At the gate and at the cows, Anne kissed me goodbye and I strode, manfully, but all alone through the fields towards a tiny spot where a tiny, unnamed stream joins the Graney River, which is no more than a tiny stream itself, even on rainy days. 

When I noticed the watery sun glinting on the brass ring in a bull’s nose, I smiled to him. One needs nerves of steel when faced with glinting brass in the nose of a bull, but such is the true nature of the true Explorer. Still, from long ago, I know my bulls. He was an elderly, lumbering, white-faced Hereford, a docile animal. He allowed me to pass; ungored.

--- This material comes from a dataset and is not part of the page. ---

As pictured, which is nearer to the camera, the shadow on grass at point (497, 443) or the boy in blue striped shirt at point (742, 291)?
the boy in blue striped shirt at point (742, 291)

Through the fields I walked downhill and found the Graney River and the tiny stream that joins it, and I stood on the boundary between counties Wicklow, Carlow and Kildare. Where the streams mingle, as the Blue Nile mingles with the White Nile at Khartoum, I saw a tiny spit of gravel at mid-stream and I noticed a pebble, the size of a sparrow’s egg, at the center of the gravel spit. 

I estimated that one third of that pebble lay in Co. Kildare, another third was in Co. Carlow and, befitting the Garden of Ireland, its prettiest third lay in Co. Wicklow.

When I got back to the road, the cows were gone and the bull stood all alone awaiting their return. Doubtless, he’d seen Anne waiting for me and I swear to God, this time round, he smiled to me.